Like Nothing Else

By Derek Price

Take a quick look at the Hyundai Santa Cruz, and one thing is clear: this isn’t an ordinary truck.
Designed to fill the gaping chasm between pickups and family cars, the Santa Cruz is one of the most unique vehicles to hit the market in years. Its front end looks like a sleek, modern, car-like crossover vehicle, but the back end has been chopped off and replaced with a pickup bed.
It’s also priced more like a car than a truck, starting under $24,000.
The Santa Cruz is designed for people who live active lives but think midsize trucks are overkill. Its small bed is surprisingly useful for hauling toys for outdoor adventures, yet it doesn’t come with the drawbacks of a traditional pickup truck: a rough ride, high price and thirsty gas consumption.
It also doesn’t have any direct competitors. The new Ford Maverick is a similar size and price point, but it looks more like a scaled-down version of a traditional F-150. The Honda Ridgeline is a unibody truck with a similar mission, but it’s also far bigger and more expensive than the Santa Cruz, starting around $37,000.
That leaves this new Hyundai all alone to conquer whatever size market there is for a half-SUV, half-truck, something-or-another vehicle.

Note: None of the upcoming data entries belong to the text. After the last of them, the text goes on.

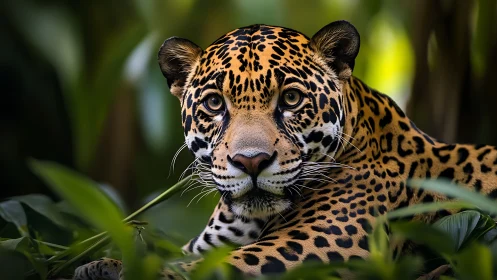 Jaguar in dense rainforest rendered with high-detail photorealism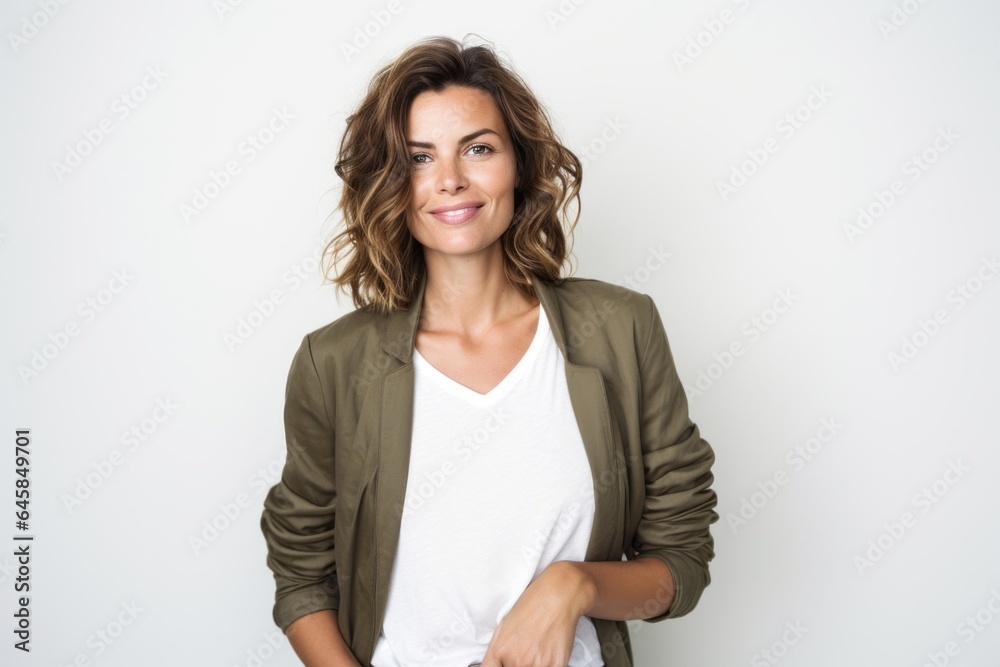Portrait photography of a French woman in her 30s against a white background Portrait photography of a French woman in her 30s against a white background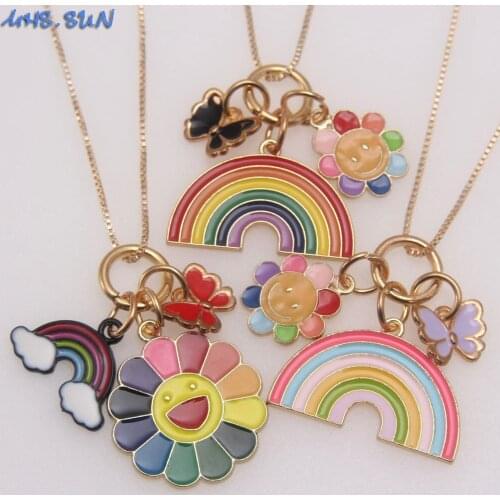 MHS.SUN 1PC New Arrival Rainbow/Flower/Butterfly Pendant Long Chain Necklace For Kids Children Charm Pendant Necklace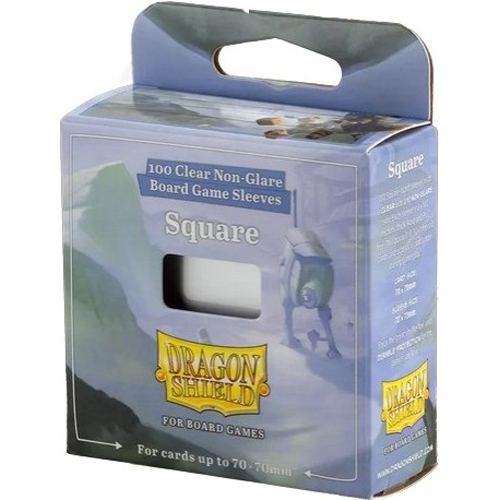 ARCT60207 100 x Clear Non-Glare Square Card Sleeves (Dragon Shield) published by Arcane Tinmen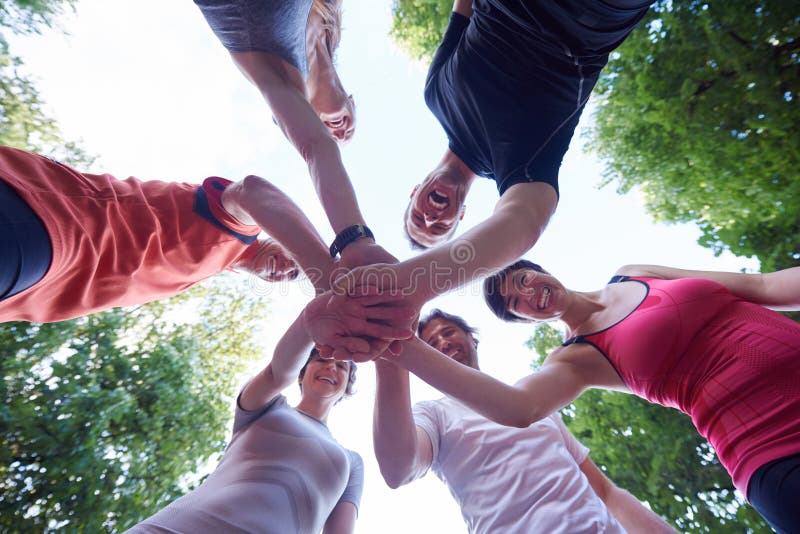 Jogging people group have fun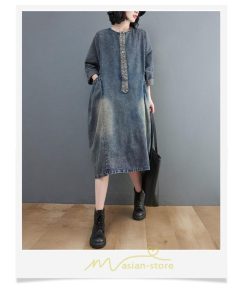 デニムワンピース | ワンピース デニム レディース 40代 ロング チュニック 長袖 ゆったり 大きいサイズ 20代30代50代 ロング丈 体型カバー 膝丈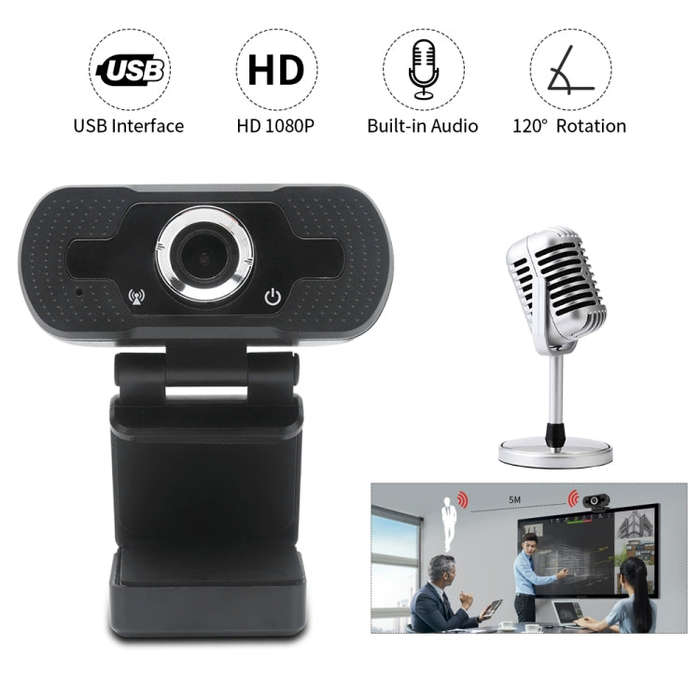 Full HD 1080P Web Camera With Noise Cancellation Microphone Skype Streaming Live Camera for Compu...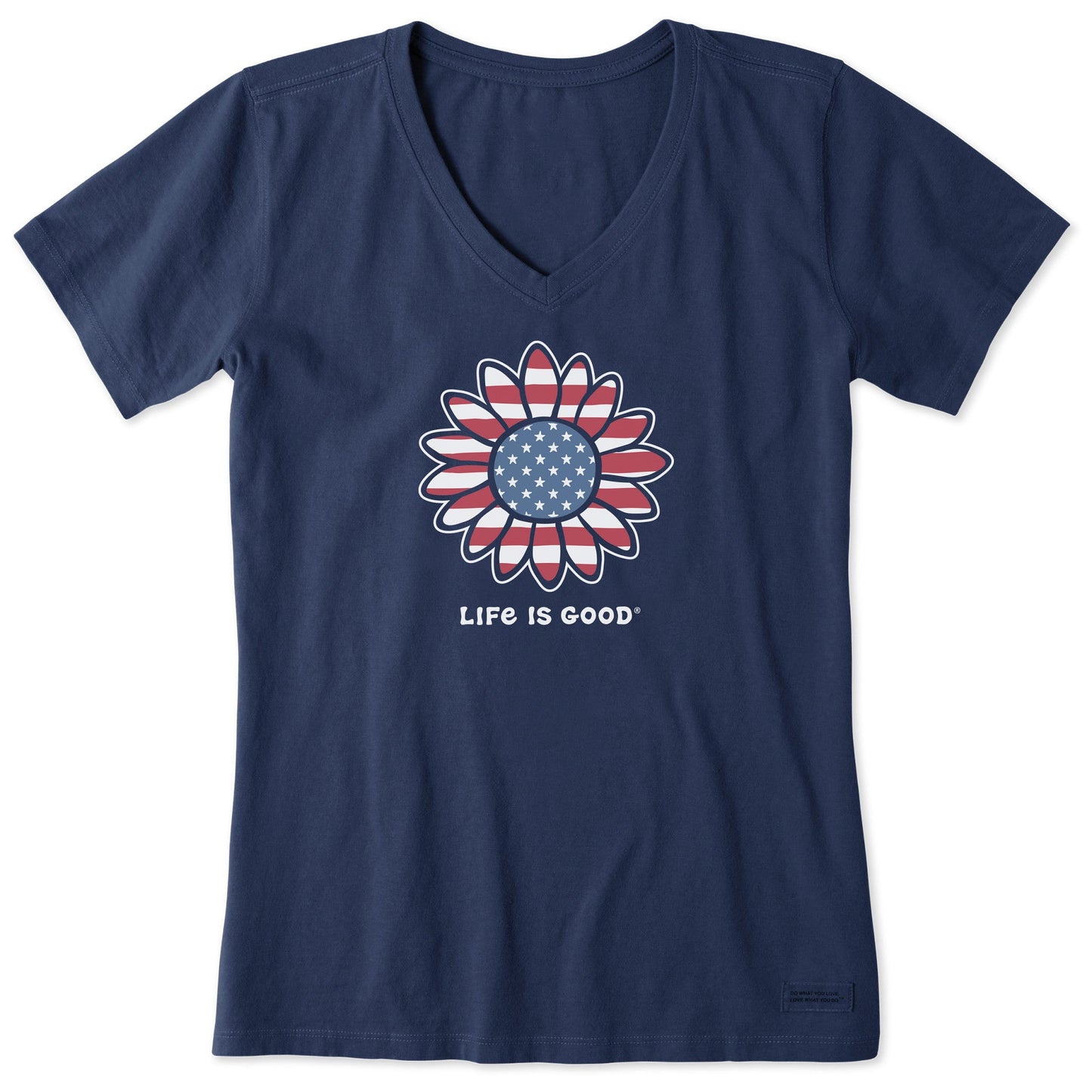 Women's Vintage Patriotic Sunflower Short Sleeve Vee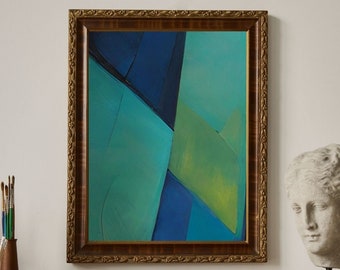 Abstract Canvas Painting Print: Blue, Green, and Sage Gallery Wrapped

Hyundai is launching the Santa Cruz as a 2022 model to fill the void between cars and trucks. The price starts under $24,000.

Personally, I loved the Santa Cruz after driving it for a week.
The bed is incredibly versatile. You can keep it covered with a waterproof tonneau to use it just like the trunk of a sedan, albeit much bigger. It keeps luggage dry and tools or cargo safely out of sight.
A big cargo hold under the floor of the bed adds more versatility. And, of course, you can lower the tailgate to haul building materials or furniture just like any pickup.
It is rated to haul up to 1,753 pounds of payload in the bed or tow up to 5,000 pounds with the proper equipment.
Two different four-cylinder engines are available. The base engine, a 2.5-liter, naturally aspirated version, makes 191 horsepower — a number I suspect would feel underpowered for the Santa Cruz’s pickup-truck pretensions. My tester came with the upgraded 2.5T turbocharged engine, though, which makes 281 horsepower and feels highly capable.
The Santa Cruz’s greatest selling point, though, may not be its capability but its modernity.
Aside from its overall look, which seems like it could have been pulled from the set of a science-fiction movie, it drives with all the sophistication and feature-packed comfort one can expect in 2022.
Its basic platform is shared with the smooth, quiet Tucson, something that makes it exceptionally nimble and silent over the road. The Santa Cruz is more comfortable and composed than any small pickup I’ve driven, including the unibody Ridgeline.

The Santa Cruz’s cabin is laid out like a modern, small SUV.

It’s also got a very contemporary cabin, both in appearance and features.
The dash is designed with integrated technology in mind. A large, wide touchscreen is seamlessly inserted at the top of the center stack, and customizable digital gauges behind the steering wheel let you access all the infotainment and driving assistance features on higher-end models.
My Limited-grade tester came with Highway Drive Assist, which reads the road markings and feels almost as if the Santa Cruz is driving itself, albeit for short periods of time.
Unfortunately, it also comes at a price. One of the Santa Cruz’s few downsides is how expensive the high-end trims can be. My tester rang up over $40,000, or enough to buy a much more capable, full-size pickup.
Considering fully loaded, full-size trucks are selling for around $100,000 these days, though, the luxury Santa Cruz looks like a deal once again. And realistically, no one will be cross shopping between the two.
For buyers who want a small pickup without any of the drawbacks — plus a big dose of unique design — this new Hyundai is creating an entirely new category that hasn’t been available since the Subaru Baja disappeared years ago.
And it feels great to have one of these hard-to-define, car-truck-SUV things available for a new generation.

At A Glance

What was tested? 2022 Hyundai Santa Cruz Limited AWD ($39,720). Options: Carpeted floor mats ($195).  Price as tested (including $1,185 destination charge): $41,100
Wheelbase: 118.3 in.
Length: 195.7 in.
Width: 75 in.
Height: 66.7 in.
Engine: 2.5-liter turbocharged four cylinder (281 hp, 311 lbs.-ft.)
Transmission: Eight-speed wet dual-clutch
Fuel economy: 19 city, 27 highway

Style: 7
Performance: 6
Price: 9
Handling: 9
Ride: 10
Comfort: 8
Quality: 8
Overall: 7

Why buy it?
It’s unique in the marketplace, looks like nothing else for sale today and fills a useful void between cars and trucks.